Assignment =
Copy all records exactly; omit pictures.

** Opening Input material block **

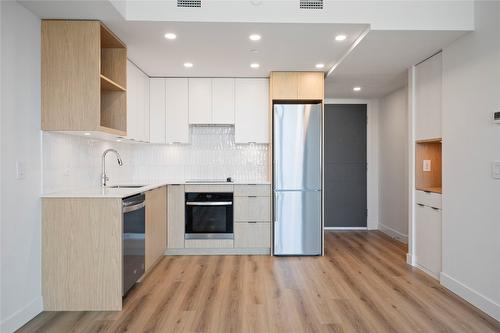 609-1488 Bertram Street, Kelowna, BC - Indoor Photo Showing Kitchen With Upgraded Kitchen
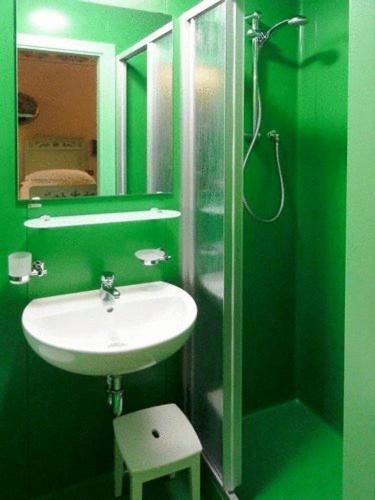 Superior Double or Twin Room - Photo 5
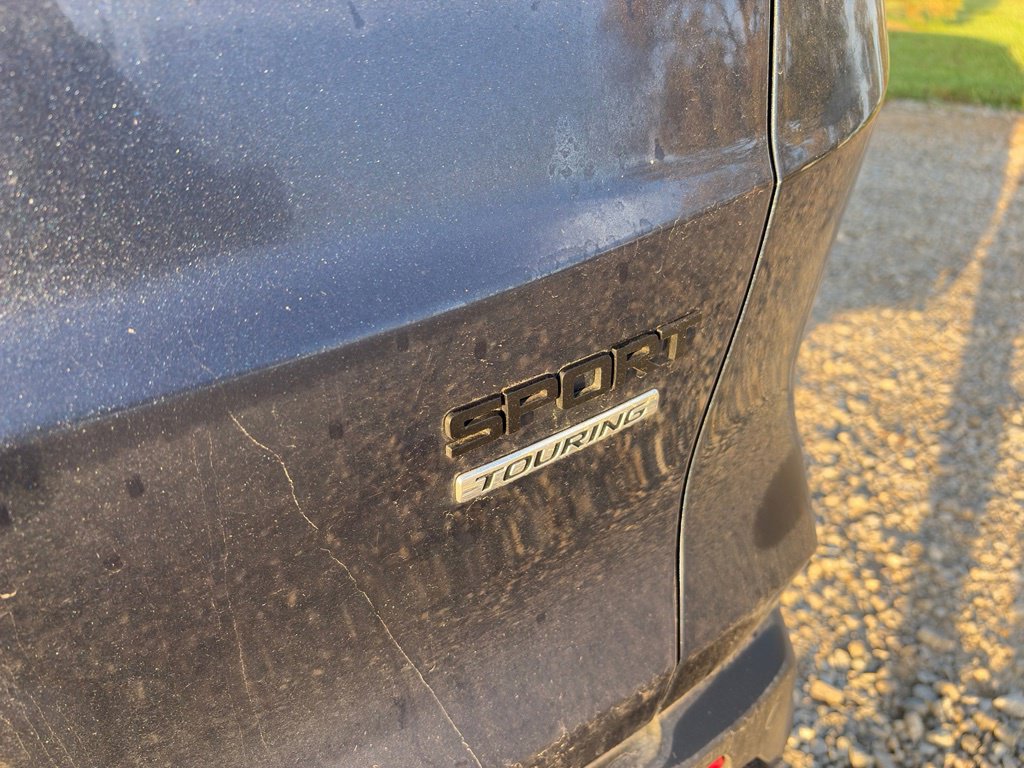 Used 2025 Honda CR-V Sport Touring image 4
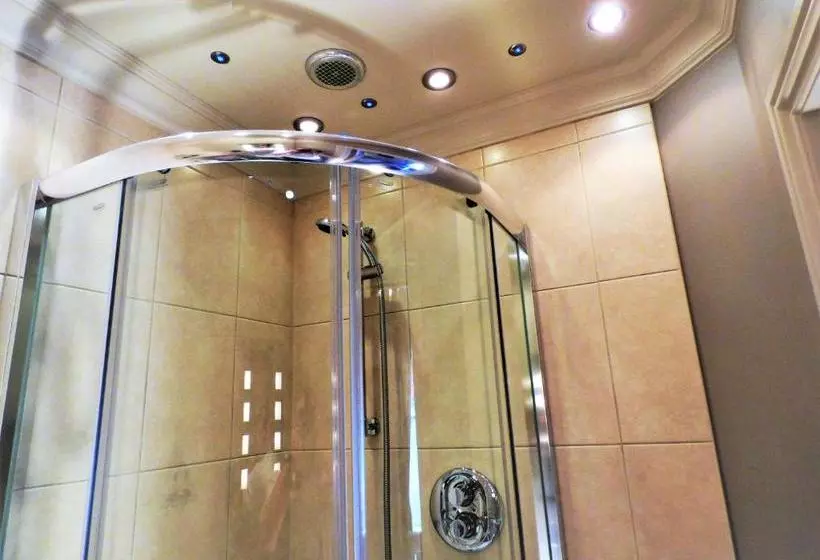 Majatalo Whitehaven Guest House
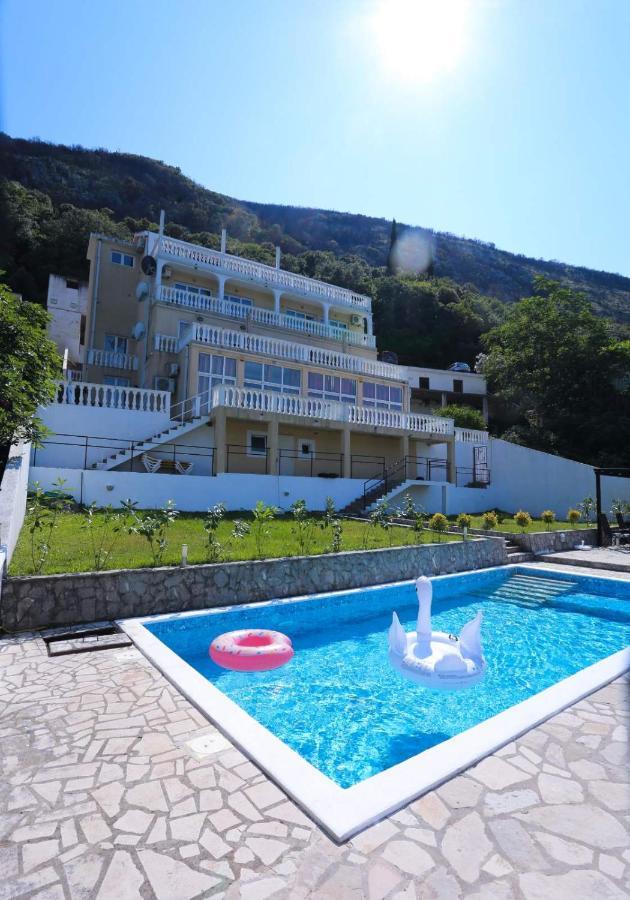 Mountain Bay Views Apartments Ньївіце Екстер'єр фото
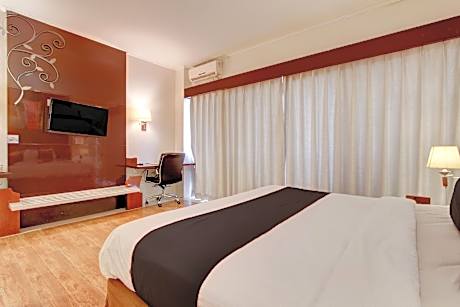 Junior Suite with Balcony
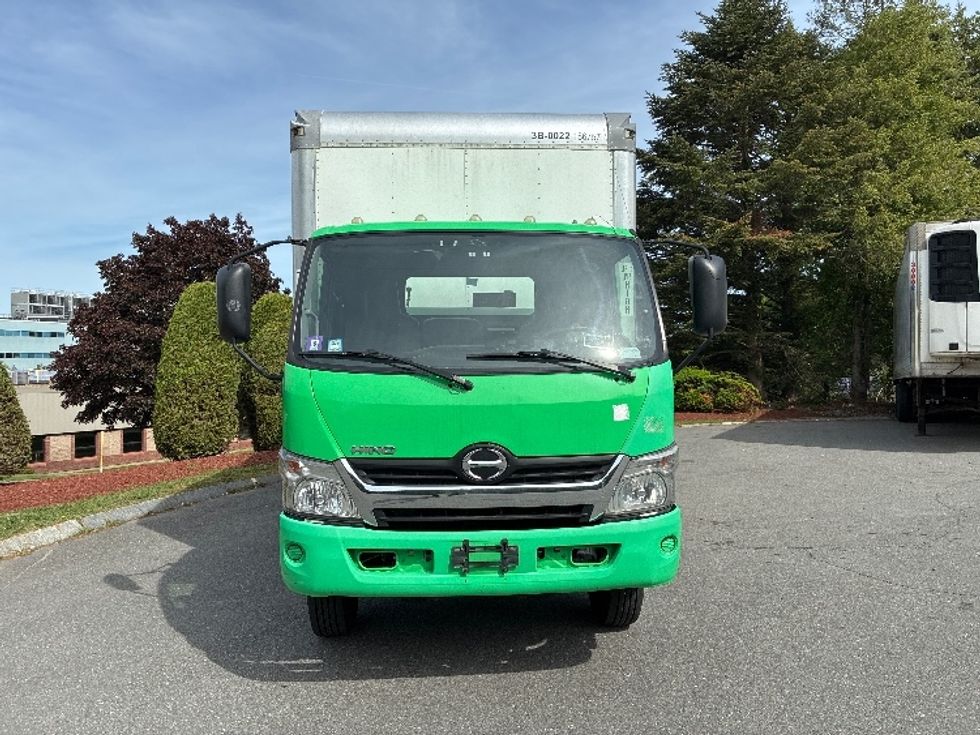 Medium Duty Box Truck-Light and Medium Duty Trucks-Hino-2018-195-Cranbury-NJ-87,757\n\t\tmiles-$ 36,250 - Image 2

** Closing Input material block **

Written response =
 609-1488 Bertram Street, Kelowna, BC - Indoor Photo Showing Kitchen With Upgraded Kitchen
 Superior Double or Twin Room - Photo 5
 Used 2025 Honda CR-V Sport Touring image 4
 Majatalo Whitehaven Guest House
 Mountain Bay Views Apartments Ньївіце Екстер'єр фото
 Junior Suite with Balcony
 Medium Duty Box Truck-Light and Medium Duty Trucks-Hino-2018-195-Cranbury-NJ-87,757\n\t\tmiles-$ 36,250 - Image 2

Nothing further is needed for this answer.